Please pardon the absence… I’ve spent the last couple weeks doing some personal development. Between the Wisdom 2.0 Conference and a week-long silent meditation retreat, I haven’t had much opportunity to digest all that I’ve taken in recently, let alone blog about it!
Even though it took place waaay back last month, I wanted to share a little bit more about my experience at the Wisdom 2.0 Conference.
Before signing up, all I knew about Wisdom 2.0 was a fuzzy idea that it was about technology and mindfulness. I wasn’t even sure I wanted to go—descriptions were vague, it was pretty expensive, and I wasn’t sure how much I liked its target audience of tech-elite. I came up with plenty of excuses and dragged my feet for a good month or so before coming to my senses and finally signing up for it.
Looking back, I can't help but laugh at my hesitance. Um, hello. I have a website called Mindfulness Online, my program is all about using technology to spread mindfulness. How did I not sign up for this conference immediately?!
Ego. Fear. Self-consciousness. Anxiety. Doubt. I guess those were some of the reasons.
Tense with anxiety, my tightened jaw and I made our way into the crowded hall of over 2,000 attendees. Soon though, my anxiety and my jaw loosened as I began to open to what all the conference had in store. Guided meditations for 2,000 attendees, group yoga with 2,000 attendees, and exercises in mindful communication with our seat mates meant that instead of being surrounded by strangers I needed to protect myself from, I was part of a community, each of us with something valuable to offer.
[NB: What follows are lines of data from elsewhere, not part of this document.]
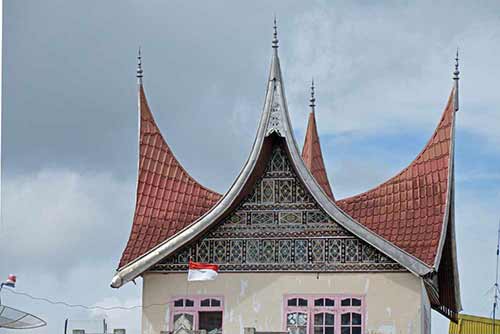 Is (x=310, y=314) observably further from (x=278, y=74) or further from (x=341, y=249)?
(x=278, y=74)

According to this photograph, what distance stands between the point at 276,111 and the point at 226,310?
432 centimetres

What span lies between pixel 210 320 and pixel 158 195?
3.20 meters

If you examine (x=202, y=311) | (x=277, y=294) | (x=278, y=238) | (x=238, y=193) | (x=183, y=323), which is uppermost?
(x=238, y=193)

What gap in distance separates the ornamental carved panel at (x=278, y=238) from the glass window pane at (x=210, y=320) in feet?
3.28

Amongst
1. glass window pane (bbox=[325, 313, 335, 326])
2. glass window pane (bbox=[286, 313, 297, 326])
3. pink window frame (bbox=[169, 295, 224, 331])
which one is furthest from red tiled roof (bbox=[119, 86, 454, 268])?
glass window pane (bbox=[286, 313, 297, 326])

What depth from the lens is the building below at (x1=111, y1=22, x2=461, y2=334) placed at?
91.7 ft

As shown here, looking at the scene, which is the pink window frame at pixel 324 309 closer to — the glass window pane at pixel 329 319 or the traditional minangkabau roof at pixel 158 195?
the glass window pane at pixel 329 319

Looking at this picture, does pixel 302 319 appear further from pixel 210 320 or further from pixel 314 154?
pixel 314 154

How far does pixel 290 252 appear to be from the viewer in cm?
2850

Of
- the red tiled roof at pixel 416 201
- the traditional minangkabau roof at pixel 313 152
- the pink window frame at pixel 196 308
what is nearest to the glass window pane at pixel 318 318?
the pink window frame at pixel 196 308

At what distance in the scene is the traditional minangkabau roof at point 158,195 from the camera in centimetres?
2939

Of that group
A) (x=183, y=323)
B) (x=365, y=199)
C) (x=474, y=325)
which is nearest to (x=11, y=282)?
(x=183, y=323)

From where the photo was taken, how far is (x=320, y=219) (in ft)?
93.0

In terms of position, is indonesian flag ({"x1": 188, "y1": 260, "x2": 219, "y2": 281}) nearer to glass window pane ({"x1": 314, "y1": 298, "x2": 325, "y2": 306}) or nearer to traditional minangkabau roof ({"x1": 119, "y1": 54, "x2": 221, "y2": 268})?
traditional minangkabau roof ({"x1": 119, "y1": 54, "x2": 221, "y2": 268}) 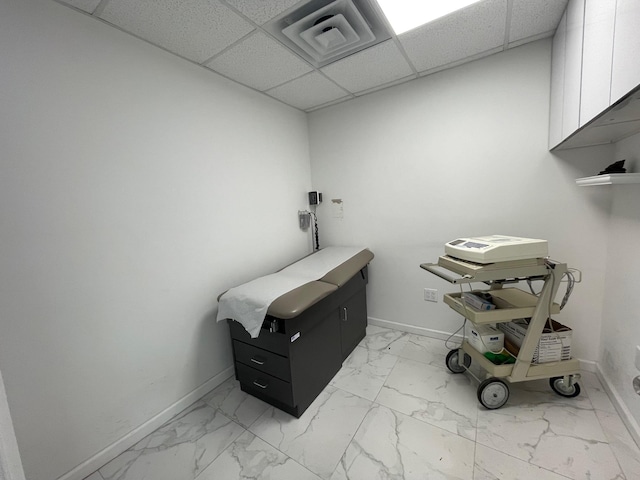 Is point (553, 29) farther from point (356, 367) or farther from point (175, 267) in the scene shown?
point (175, 267)

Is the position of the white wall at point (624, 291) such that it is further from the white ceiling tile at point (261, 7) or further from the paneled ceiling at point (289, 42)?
the white ceiling tile at point (261, 7)

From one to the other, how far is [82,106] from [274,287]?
1429mm

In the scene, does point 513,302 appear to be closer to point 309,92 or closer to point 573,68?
point 573,68

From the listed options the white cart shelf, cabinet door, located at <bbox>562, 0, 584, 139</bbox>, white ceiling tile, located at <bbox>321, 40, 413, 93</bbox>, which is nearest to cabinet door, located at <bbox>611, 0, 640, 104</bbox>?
cabinet door, located at <bbox>562, 0, 584, 139</bbox>

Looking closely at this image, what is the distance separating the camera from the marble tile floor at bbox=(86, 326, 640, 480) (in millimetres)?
1234

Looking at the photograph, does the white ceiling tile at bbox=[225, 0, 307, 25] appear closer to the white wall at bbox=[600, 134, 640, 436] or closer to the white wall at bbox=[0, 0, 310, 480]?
the white wall at bbox=[0, 0, 310, 480]

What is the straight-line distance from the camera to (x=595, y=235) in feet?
5.61

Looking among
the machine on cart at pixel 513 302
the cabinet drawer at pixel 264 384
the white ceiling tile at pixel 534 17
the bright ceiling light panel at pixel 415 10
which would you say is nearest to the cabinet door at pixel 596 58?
the white ceiling tile at pixel 534 17

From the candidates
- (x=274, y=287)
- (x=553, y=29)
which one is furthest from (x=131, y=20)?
(x=553, y=29)

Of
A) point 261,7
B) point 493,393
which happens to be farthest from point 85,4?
point 493,393

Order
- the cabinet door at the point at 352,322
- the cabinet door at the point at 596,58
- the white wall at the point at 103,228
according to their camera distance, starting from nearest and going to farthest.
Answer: the cabinet door at the point at 596,58
the white wall at the point at 103,228
the cabinet door at the point at 352,322

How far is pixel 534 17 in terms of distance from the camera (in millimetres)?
1505

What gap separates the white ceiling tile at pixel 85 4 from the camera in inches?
47.4

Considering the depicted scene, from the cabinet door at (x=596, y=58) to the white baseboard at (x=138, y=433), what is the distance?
2.72m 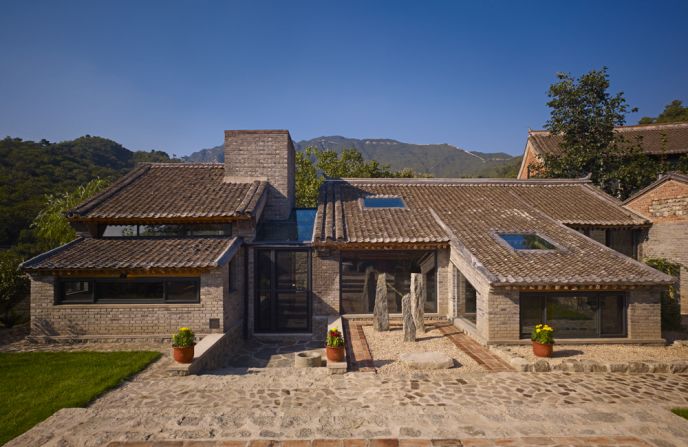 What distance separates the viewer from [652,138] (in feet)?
89.1

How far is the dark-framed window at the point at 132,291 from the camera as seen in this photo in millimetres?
11102

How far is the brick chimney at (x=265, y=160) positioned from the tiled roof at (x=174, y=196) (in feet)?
1.72

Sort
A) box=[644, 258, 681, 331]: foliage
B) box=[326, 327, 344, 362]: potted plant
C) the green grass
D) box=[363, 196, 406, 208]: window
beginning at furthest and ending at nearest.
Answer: box=[363, 196, 406, 208]: window, box=[644, 258, 681, 331]: foliage, box=[326, 327, 344, 362]: potted plant, the green grass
Cool!
Here’s a quick-ish run-down of some of the nuggets I learned once my heart opened to the possibilities at Wisdom 2.0:
- Technology is not inherently evil/distracting/a terrible drain on society— The general consensus at the conference was that the addictive nature of our gadgets can leave us wanting more meaningful connection with ourselves and others; while these same gadgets can also offer us new avenues for connection with people all over the world. It all depends on how we use them. Ok, I knew this, but I will admit that I’ve held off from getting an iPhone for fear of the limits of my own self-control.
- Tech people are alright—Some of my misgivings about the conference had to do with a group that I viewed as the “other.” In the past year of living in SF, I have not been too enamored with the tech-class as my perception of these young, newly-minted millionaires had been rather biased. But meeting these “others” and seeing how they too are human just like me, working to find a deeper meaning in their lives, reminded me to hold off my judgments. How easily I forget that life can be challenging for each of us, regardless of our social status or paycheck.
- We should be working on our eulogies instead of our resumes—Arianna Huffington gave a great talk on a new metric for measuring success that includes health, happiness and well-being. As she put it, no one at your funeral will be remarking on your ability to put together a Power-Point presentation. Though, that’s probably just because they never saw my awesome presentation on insurance that included an animated slide of Richard Gere topless, doing a flip on a jet ski. But still, I’d rather be remembered for how I loved and lived than how many LinkedIn contacts I had.
- Spacious presence is within us all—If you have the time, stop what you’re doing and watch this presentation from Eckhart Tolle, or at least bookmark it and watch it when you can. It’s so easy to get caught up in the fantasy world of our thoughts and emotions, we often forget that under all of that is an unending field of spacious presence. We’ve got it with us always. We just have to remember to take a breath, get still and tap into it.
- Gratitude is interactive mindfulness—Yeah, I already feel pretty strongly about this. And Brother David Steindl-Rast did an excellent job explaining how we can do better at bringing more gratitude and in turn more joy into our lives. We just have to stop, look, and go. Just like crossing the street. Stop means wisdom, a quality of the mind that comes by allowing whatever comes our way to grab us. Look means awareness. We see difficulties along with a way to solve them. Go means acting with a mind/heart of compassion. Check out Brother David’s talk, he is far more eloquent than I am.
My biggest take-away from the conference though, isn’t really something I can sum up for you on a bullet pointed list. Rather, my experience during the weekend gave me a renewed sense of self-confidence in who I am, what I am pursuing, and my intentions for pursuing it. All of those reasons I had for not attending the conference dissolved into a more confident, excited and love-filled version 2.0 of me. Woohoo for Wisdom!